- Cover art of the Doodle
- Developers: Google Studio 4°C
- Publisher: Google
- Composer: Qumu
- Platform: Web browser
- Release: 23 July 2021
- Genres: Sports, action role-playing
- Mode: Single-player

= Doodle Champion Island Games =

2021 browser game

Doodle Champion Island Games, sometimes also referred to as simply Champion Island, is a 2021 role-playing browser game developed by Google in partnership with Studio 4°C. The game acted as an interactive Google Doodle in celebration of the 2020 Summer Olympics and 2020 Summer Paralympics as well as Japanese folklore and culture. The story follows Lucky the Cat as she competes in sport events across Champion Matches to become the champion of the island, whilst completing multiple side quests by helping people who are in need. The Doodle was removed on 6 September 2021 by Google but can still be played in Google Doodle archives.

The game features seven different mini-games themed around sports that appeared at the Olympics, including table tennis, skateboarding, archery, rugby, artistic swimming, sport climbing, and marathon. The creator of the soundtrack is Qumu.

== Gameplay ==
Doodle Champion Island is a role-playing video game with elements of a sports game. The player controls a cat named Lucky around an island with seven different regions that resemble different Japanese locations and geography, such as bamboo forests and mountains. In each region, there are features of seven island champions who all specialize in a specific sport. The sports themselves are mini-games, where Lucky earns a Sacred Scroll upon winning the mini-game. By beating all seven champions and earning their scrolls, the player is named "Island Champion". The player can also join one of 4 teams each represented by a color and a creature from Japanese mythology. By competing in the mini-games, players accumulate points that are tallied onto a Global Leaderboard, with the highest-scoring team being rewarded the title of winner by the end of the Olympics.

All the mini-games cover different genres of video games. For example, the Artistic Swimming event takes the form of a Dance Dance Revolution style rhythm game, whilst the Skateboarding event features a trick system similar to Tony Hawk's Pro Skater.

Additionally, each region holds plenty of side quests for the player to seek out. These side quests involve Lucky helping out the residents of the island with a variety of tasks such as item fetching and trade sequences. Some side quests can also unlock harder versions of the original mini-games. All these side quests can earn the player a trophy which can be viewed in a house in the center of the island, named The Trophy House, with 24 to collect in total as of the Paralympics update.

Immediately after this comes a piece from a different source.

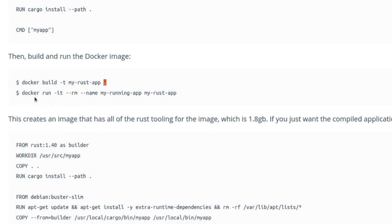And then after that, you could run your application via this command, which is docker run -it. I, I believe, is for interactive. T makes sure that the container has a terminal, like a TTY. --rm means remove once the container stops running. So while it is running, it is fine. As soon as it is stopped, it will be destroyed.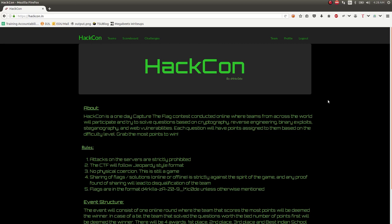Hello everyone and welcome back to another YouTube video. Here I am John Hammond. I wanted to show off some of the challenges from the HackCon CTF that just went on this past weekend.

As of the Summer Paralympic Games 2020, two new side quests have been added, with one leading to an advanced version of Rugby. There is also an advanced version of archery made available from the beginning. Players may also reset their progression (for instance, to switch teams) by 'leaving the Champion Island' (after talking to the Komainu gatekeepers present at the pier to Lucky's boat after all 7 scrolls have been obtained and side-quests completed, with the game's credits then being shown as Lucky departs the island on her boat or simply selecting “Start a new game” in Settings.

== Plot ==

Lucky the Cat in the center of the island. She is surrounded by the mascots of the 4 teams in the game, as well as 7 statues that point in the direction of each Island Champion. Lucky is also in front of the global leader board, which can display the current points of all the teams.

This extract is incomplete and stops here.